» HOW TO COMPLETE THIS TASK: This task calls for the lines below starting at the one containing "thumbnail image 2" and ending at the one containing "Cartão Girls Trip", repeated exactly with both ends kept and pictures left out.

» PROVIDED RECORDS:
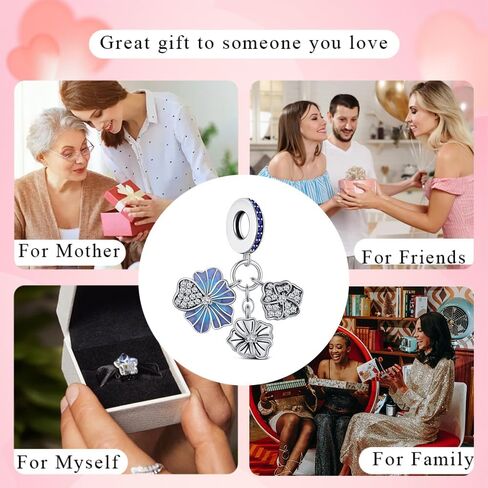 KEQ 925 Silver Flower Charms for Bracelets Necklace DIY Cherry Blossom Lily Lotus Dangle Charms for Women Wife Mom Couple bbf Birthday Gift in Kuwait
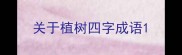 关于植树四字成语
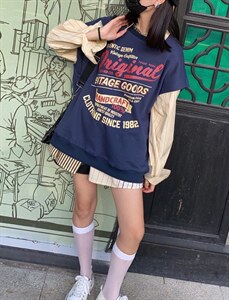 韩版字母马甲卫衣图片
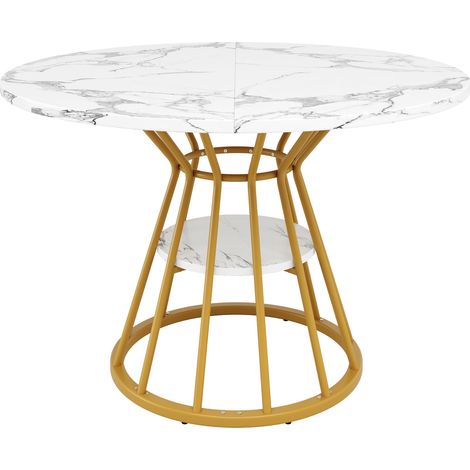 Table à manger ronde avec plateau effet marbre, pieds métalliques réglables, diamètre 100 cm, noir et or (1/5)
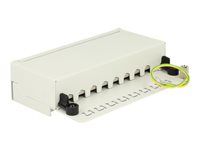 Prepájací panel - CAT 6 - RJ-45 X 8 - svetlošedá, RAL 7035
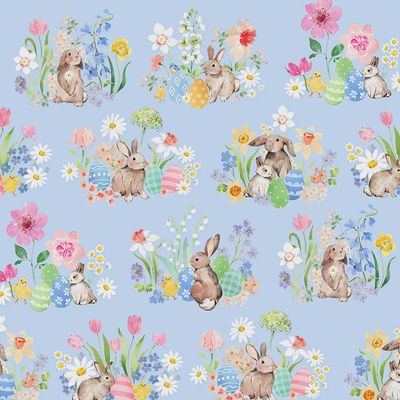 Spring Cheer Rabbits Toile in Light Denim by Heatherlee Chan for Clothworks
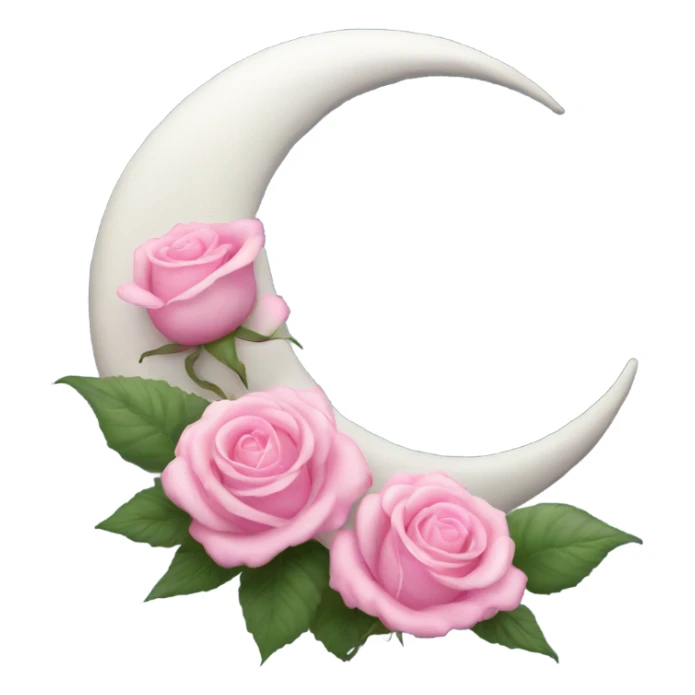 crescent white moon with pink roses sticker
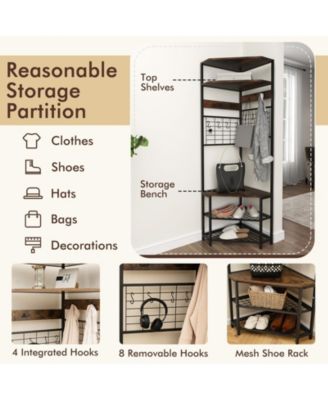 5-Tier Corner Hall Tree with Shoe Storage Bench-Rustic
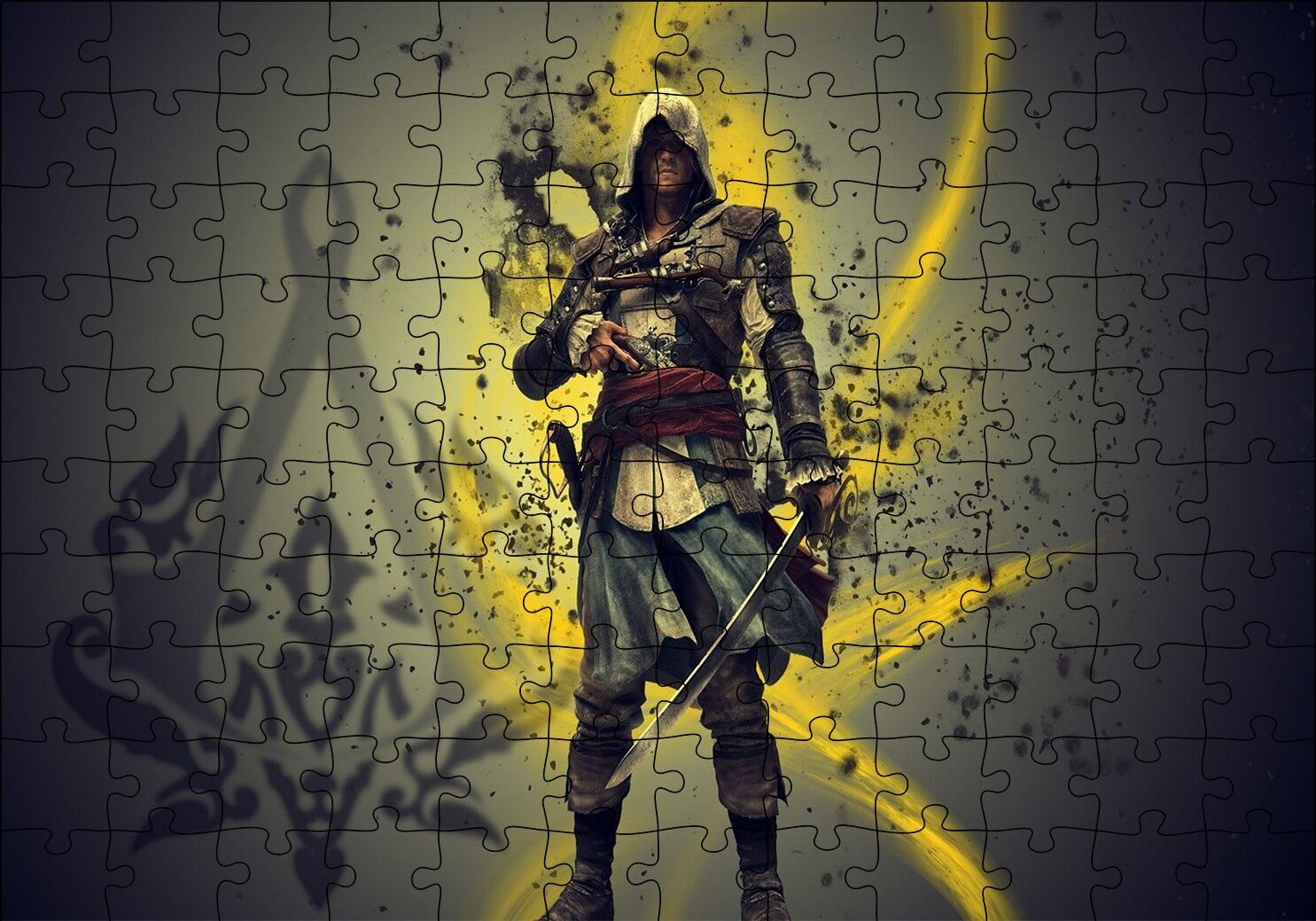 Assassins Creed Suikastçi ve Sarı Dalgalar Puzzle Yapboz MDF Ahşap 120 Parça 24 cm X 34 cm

--

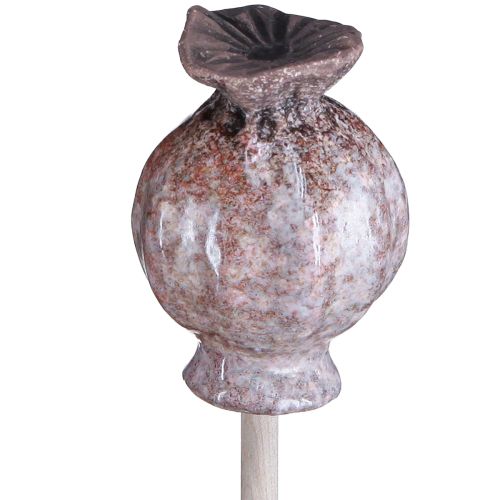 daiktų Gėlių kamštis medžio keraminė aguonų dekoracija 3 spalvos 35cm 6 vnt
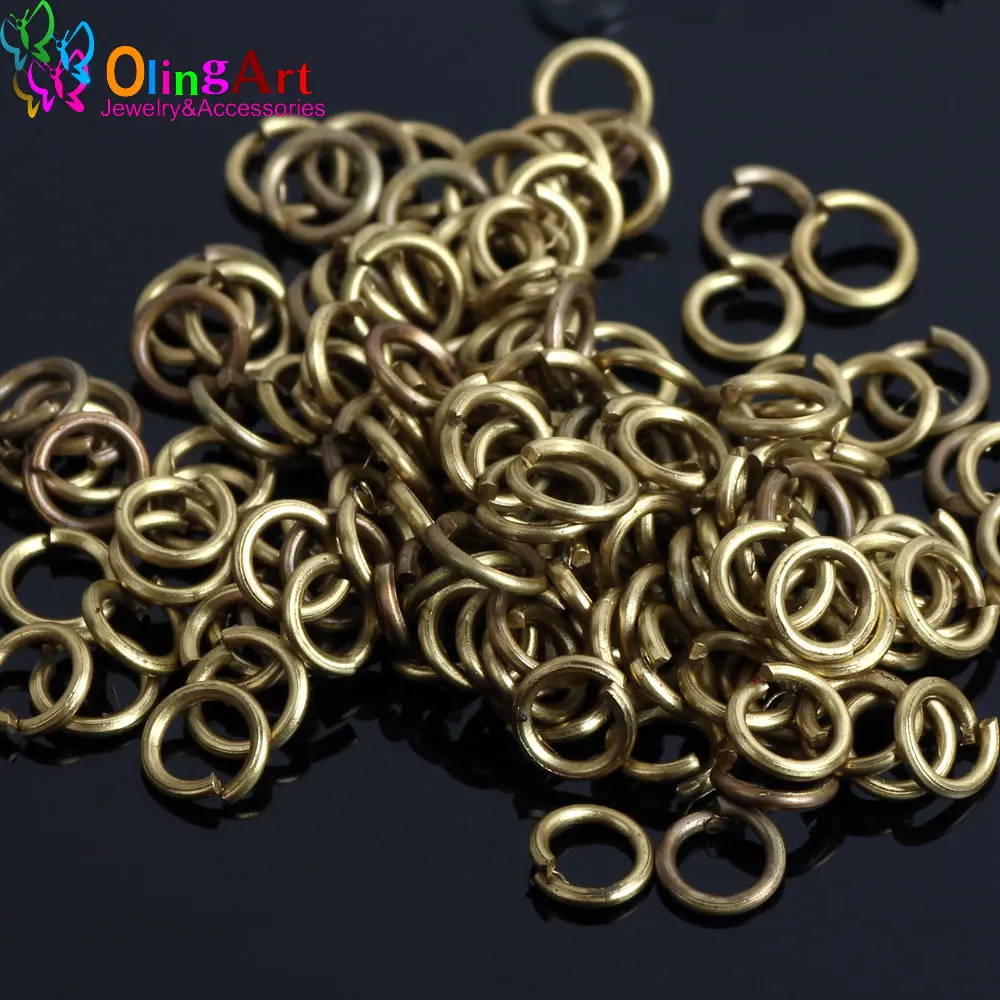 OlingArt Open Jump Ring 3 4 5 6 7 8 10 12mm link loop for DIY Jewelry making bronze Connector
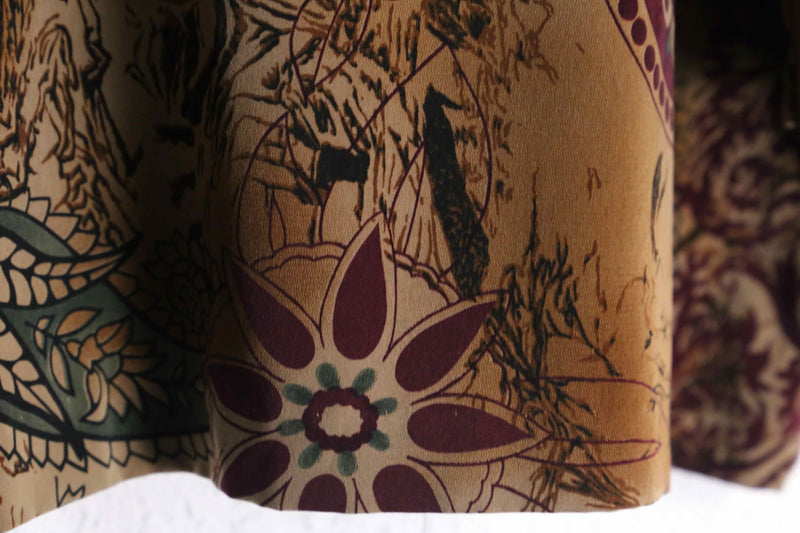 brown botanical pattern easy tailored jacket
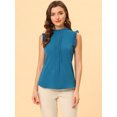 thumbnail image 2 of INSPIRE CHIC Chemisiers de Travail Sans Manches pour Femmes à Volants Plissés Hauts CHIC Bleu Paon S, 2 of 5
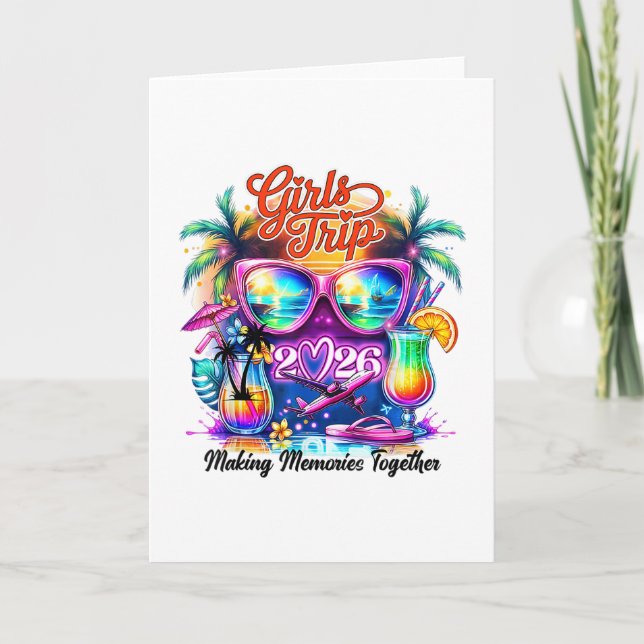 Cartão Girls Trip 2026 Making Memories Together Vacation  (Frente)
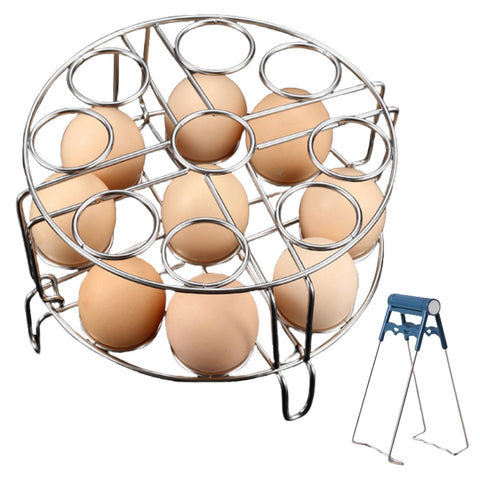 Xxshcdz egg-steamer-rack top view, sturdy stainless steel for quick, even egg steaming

» WRITTEN RESPONSE:
 thumbnail image 2 of INSPIRE CHIC Chemisiers de Travail Sans Manches pour Femmes à Volants Plissés Hauts CHIC Bleu Paon S, 2 of 5
 Cartão Girls Trip 2026 Making Memories Together Vacation  (Frente)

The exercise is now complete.